# Fine tuning template using TJ's mojo! (choco's challenge)



## Synesthesia (Oct 2, 2007)

EDIT: heres the latest mix!

http://www.webfilehosting.com/096RUTFFGKFO/mojotestmix5.mp3 (mojotestmix5.mp3 - 954.4 Kb)


Firstly, thanks to Thomas for his fantastic writing and kindness to share it! and thanks to choco for inspiring the impossible challenge..

I have sketched the first 30secs from TJ's score to try and fine tune my main template, and I think its going pretty well, but I'm starting to hear things now and I need an outside perspective..

I'd be very grateful if anyone could have a quick listen and give me some criticism!

http://www.speedyshare.com/392875644.html

(Apologies that its not an original composition this time but I thought it might help to cp it to a great mockup)

Thanks in advance!

cheers

Paul o-[][]-o


----------



## synthetic (Oct 2, 2007)

Wow, nice! Great job, and way to pick up the gauntlet. 

A few minor things I heard:
- Some late notes? around 0:02. I heard some stereo flamming that was distracting. 
- Around 0:07 the trumpets seems to stick out a bit
- at 0:17, the big hit is a bit subdued. You could use some more dynamics here and maybe some bass, it sounds a tad thin. Listen to the big tympani in the TJ version. 

Very nice.


----------



## Niah (Oct 2, 2007)

I think it sounds good, considering the piece that it is. 

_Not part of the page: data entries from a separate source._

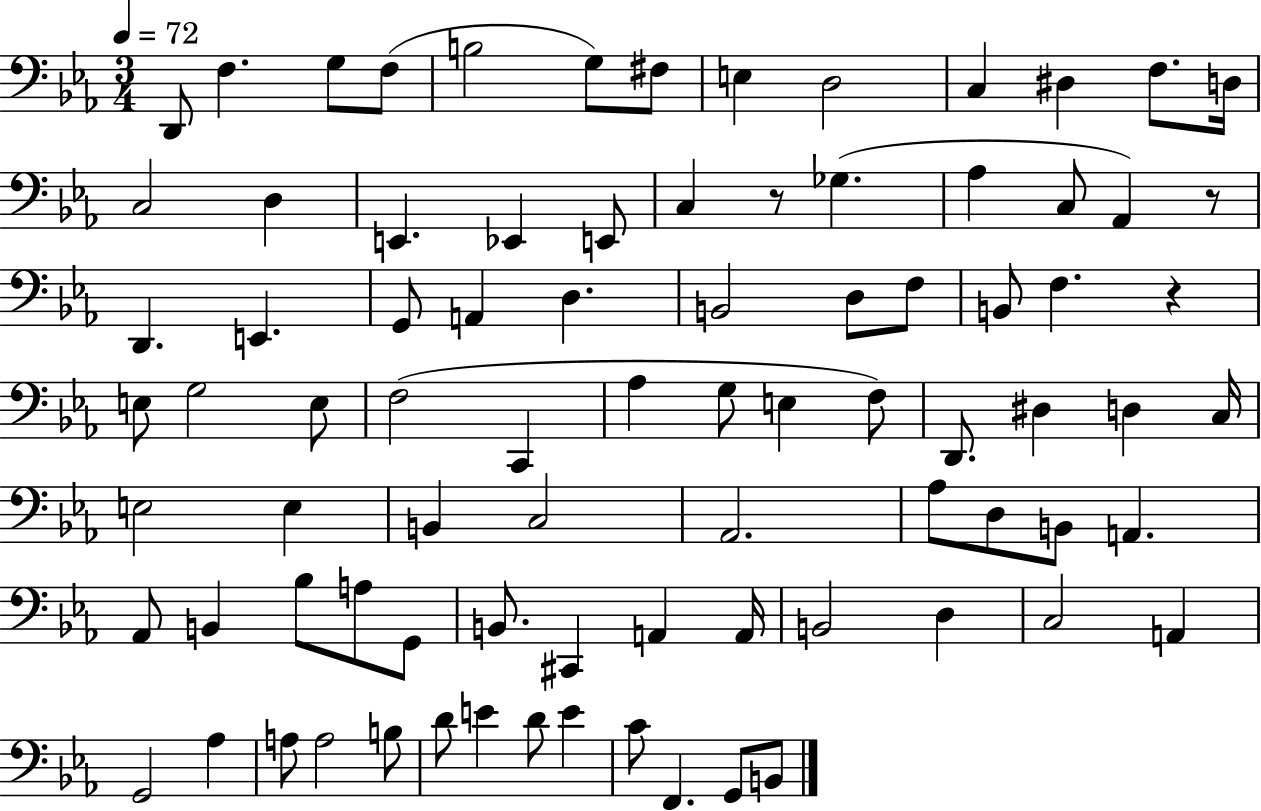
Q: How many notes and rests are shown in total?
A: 84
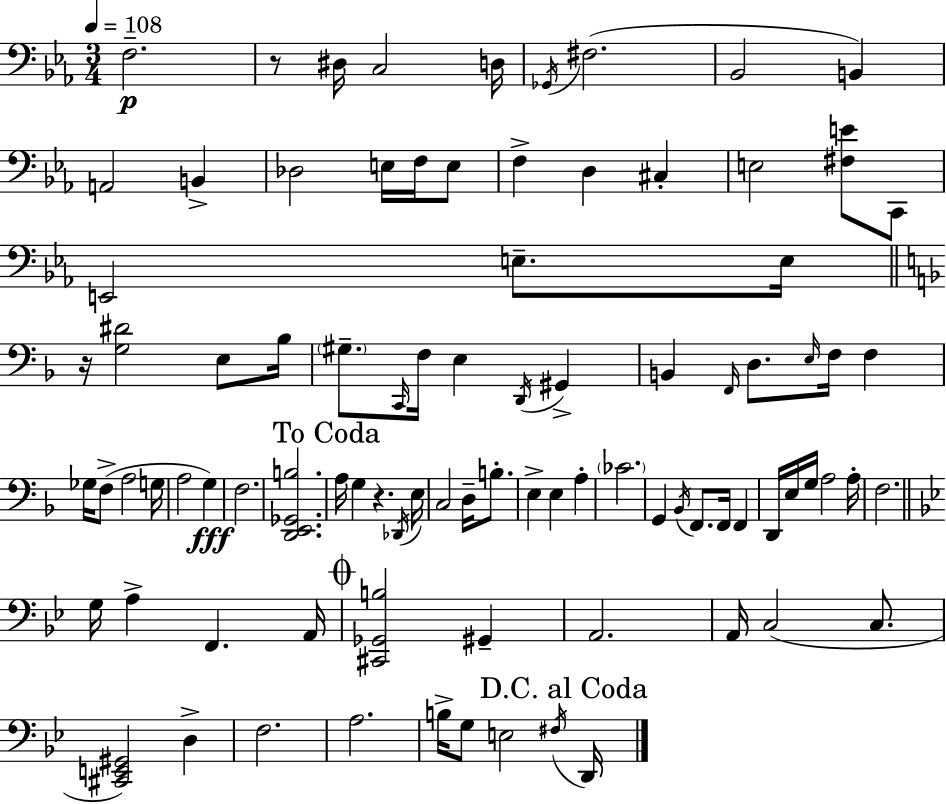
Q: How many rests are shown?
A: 3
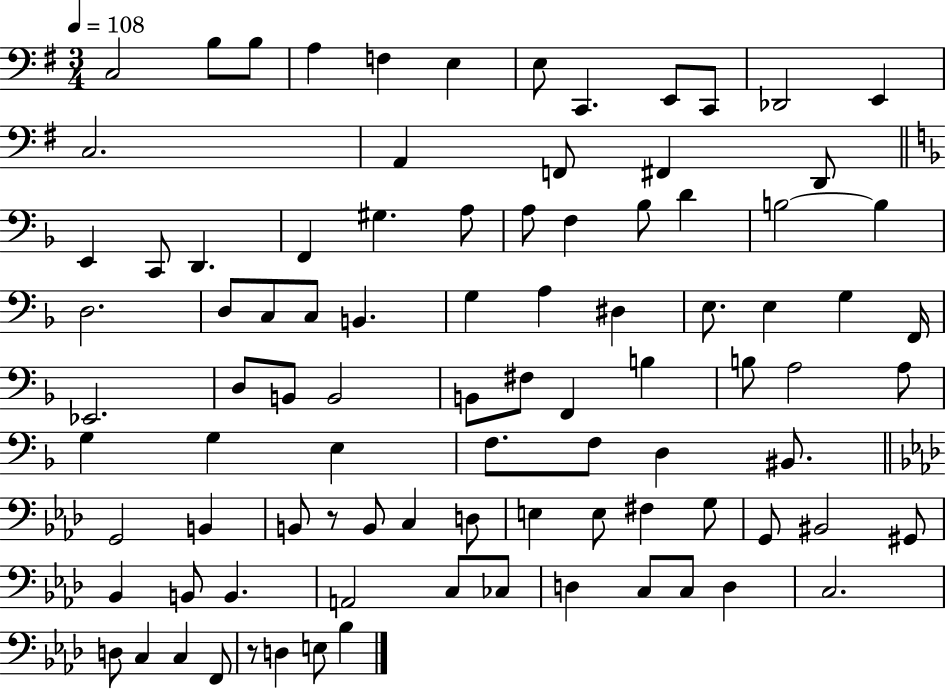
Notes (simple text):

C3/h B3/e B3/e A3/q F3/q E3/q E3/e C2/q. E2/e C2/e Db2/h E2/q C3/h. A2/q F2/e F#2/q D2/e E2/q C2/e D2/q. F2/q G#3/q. A3/e A3/e F3/q Bb3/e D4/q B3/h B3/q D3/h. D3/e C3/e C3/e B2/q. G3/q A3/q D#3/q E3/e. E3/q G3/q F2/s Eb2/h. D3/e B2/e B2/h B2/e F#3/e F2/q B3/q B3/e A3/h A3/e G3/q G3/q E3/q F3/e. F3/e D3/q BIS2/e. G2/h B2/q B2/e R/e B2/e C3/q D3/e E3/q E3/e F#3/q G3/e G2/e BIS2/h G#2/e Bb2/q B2/e B2/q. A2/h C3/e CES3/e D3/q C3/e C3/e D3/q C3/h. D3/e C3/q C3/q F2/e R/e D3/q E3/e Bb3/q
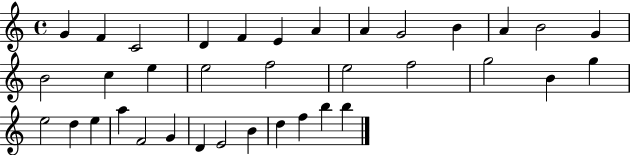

The intro sounds close to me except from 0:11 where it looses some of the balls, also the fast strings at 0:11 - 0:17 are not working for me, too thin and fake-ish.

and yes TJ uses TS1, especially on this piece.

Overall I have to hand it to you, to have the balls to try this.


----------



## synthetic (Oct 2, 2007)

I want to hear choco's version.


----------



## choc0thrax (Oct 2, 2007)

I can't even do a version right now. The main thing I use -EWQLSO Gold doesn't work very well on my new computer. I have to reinstall it every 5 days to keep using it.  Maybe I will do Mojo Madness though after I finish mocking up some Murder in the first.


----------



## PolarBear (Oct 2, 2007)

Actually anyone have a link to TJ's version? Can't seem to find it in my archives 

Thanks!
PolarBear

PS: I second that choco request! Not gonna happen for a few dollars more I guess/know tho!


----------



## Niah (Oct 2, 2007)

PolarBear @ Wed Oct 03 said:


> Actually anyone have a link to TJ's version? Can't seem to find it in my archives
> 
> Thanks!
> PolarBear
> ...



http://www.virtualinstrumentsmag.com/down/6-7-06/From_Sketch_Score/Mojo_Madness.mp3 (http://www.virtualinstrumentsmag.com/do ... adness.mp3)


----------



## Synesthesia (Oct 2, 2007)

Thanks Niah - yes, the strings and the brass attacks are the weakest part for me, its really difficult getting life out of fast strings (I'm using App for these sections which work the best of what I've got).. hence PP I guess!

I must get TS1, its next on my list. 

Choco - I was using the Altiverb Orchestral Sewer IRs (front sewer and back sewer presets) do you think these are too 'wet'?

Actually - I am going to experiment today switching my AV scoring stage ERs around and see how they differ on the overall sound so thanks for that!

Cheers,

Paul o=<


----------



## Krakatau (Oct 2, 2007)

Synesthesia @ 3rd October 2007 said:


> Choco - I was using the Altiverb Orchestral Sewer IRs (front sewer and back sewer presets) do you think these are too 'wet'?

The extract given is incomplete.